Mueller - a former industrial zone to a sustainable enclave

PlaceMueller, Austin ・ May 28, 2018

Mueller doesn't look like anywhere else in Austin

During my stay in Austin, I had a chance to visit a neighborhood called Mueller — Austin's 700-acre wide 'showplace' of new urbanism and enlightened sustainable living.

The neighborhood looks lovely, with the beautifully designed houses and green street trees etc. It is hard to believe that this area used to be an industrial site not so long time ago — it was an outdated municipal airport, which closed in 1999.

Now it turned into a vibrant neighborhood, with the residential houses and shops, open space and parks, communal summing pools and other necessary facilities.

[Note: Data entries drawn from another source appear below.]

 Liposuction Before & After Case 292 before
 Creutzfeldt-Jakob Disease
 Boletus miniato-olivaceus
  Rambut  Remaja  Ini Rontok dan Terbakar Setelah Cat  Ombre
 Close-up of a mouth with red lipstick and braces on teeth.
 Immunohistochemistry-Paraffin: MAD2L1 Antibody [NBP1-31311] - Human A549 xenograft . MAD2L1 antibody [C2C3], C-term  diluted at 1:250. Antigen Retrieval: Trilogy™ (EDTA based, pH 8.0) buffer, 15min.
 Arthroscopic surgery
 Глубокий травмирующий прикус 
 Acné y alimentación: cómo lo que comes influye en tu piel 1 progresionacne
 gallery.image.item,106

This is a city's effort to bring new residents into the central part of Austin to this greener, more sustainable neighborhood.

Austin as “carbon neutral”city

In recent years, many cities are pledging to become “carbon neutral” by 2050 — Austin, where car ownership and car-dependent lifestyle seem to be still highly valued, is not the exception. According to this article, Austin adopted a new legislation to make"all new homes are to be rated net-zero capable, meaning they produce as much electricity as they consume."

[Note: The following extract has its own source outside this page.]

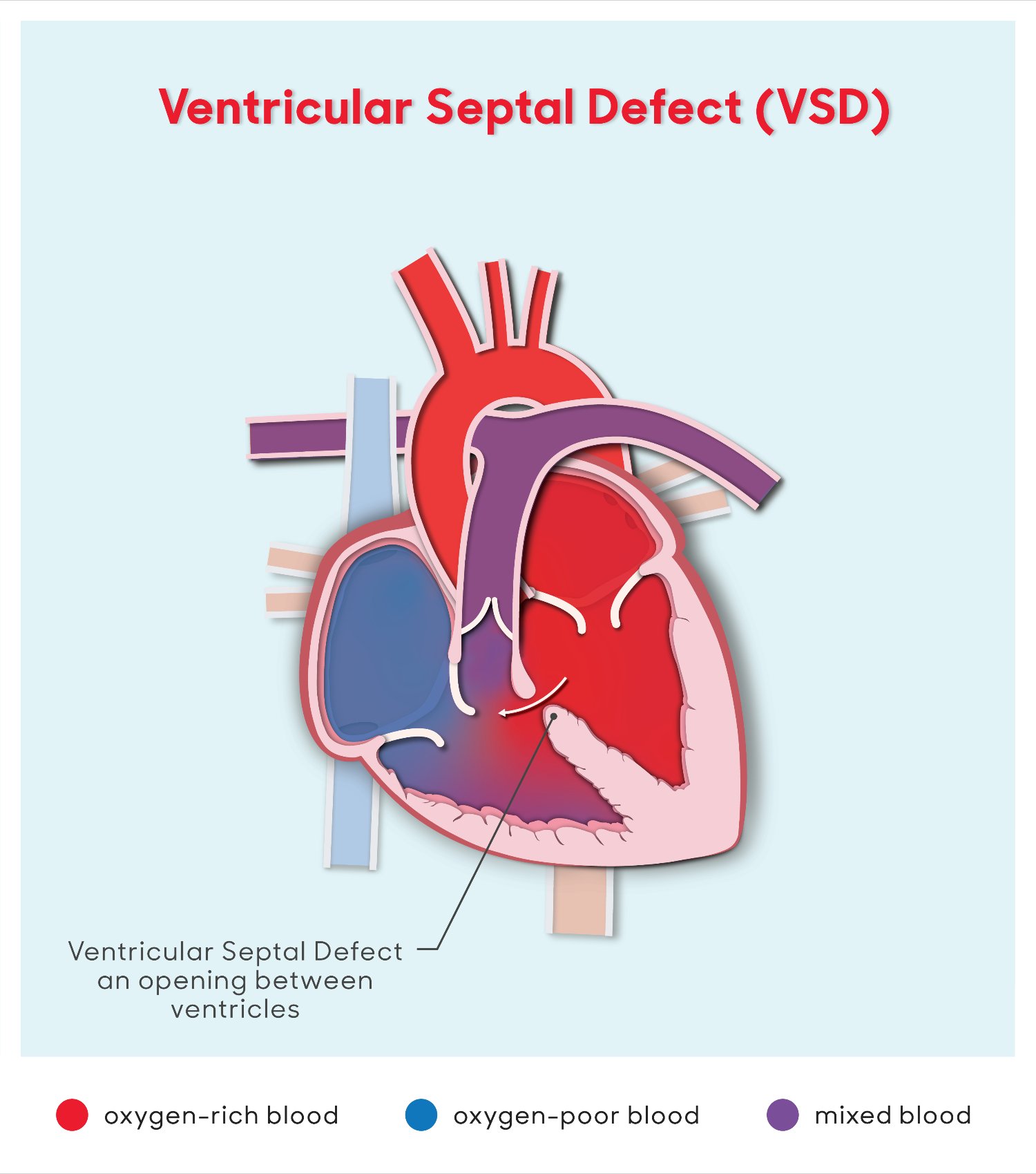 vsd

Mueller is one of the pioneers of this green buildings movement, aiming to invite the residents back to the city core to live in the sustainable, eco-friendly designed neighborhood.

Of course, there is a downside too — once a low-income industrial neighborhood, the prices and development have increased rapidly in recent years. According to this well-written article, a market study showed a shortage of nearly 50,000 affordable apartments in 2014.





On racial diversity and 'a meaningful community'

Aside from the gentrification issue, it's easy to praise this neighborhood — sustainable, well maintained and functioning central city neighborhood. However, Mueller also struggles with other urban problems like the other neighborhoods in the city.I found the article that talks about the racial tension of Mueller and I found it more interesting.

Mueller is created based on the idea of "new urbanism", in which a meaningful community plays a great rule. However, there have been some issues with African-American residents who don't feel so welcomed in this neighborhood.

It is quite interesting to know that Austin is one of the nation's fastest-growing metropolis but the only fast-growing city in America with a declining black population (University of Texas report). According to this report, Austin's general population jumped 20 percent from 2000 to 2010, but the number of African-Americans shrank by 5 percent.

Racial tension and everyday racism are of course not limited in Mueller, but while walking around this beautiful neighborhood, I couldn't stop but thinking what 'a meaningful community' is about and how we can create one in our cities in diversity.